**Task to carry out:** Look in the material below for the line holding "Rock Flower WYSIWYG (small)". Set it down exactly, with each later line up to and including the line holding "Shoes brown LLOYD LEVIN Men 86B4D87".

**Recorded information:**

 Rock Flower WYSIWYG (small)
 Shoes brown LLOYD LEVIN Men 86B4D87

==

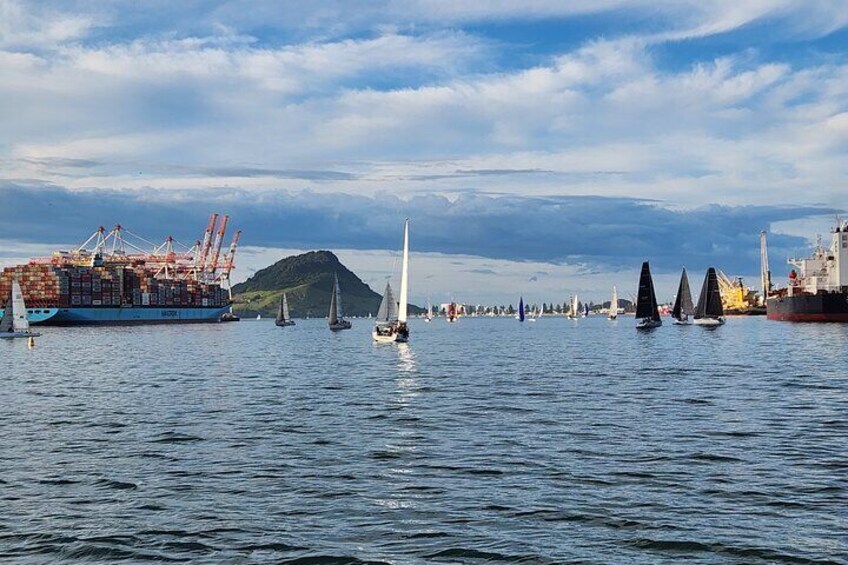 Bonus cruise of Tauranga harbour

**Answer to this task:**
 Rock Flower WYSIWYG (small)
 Shoes brown LLOYD LEVIN Men 86B4D87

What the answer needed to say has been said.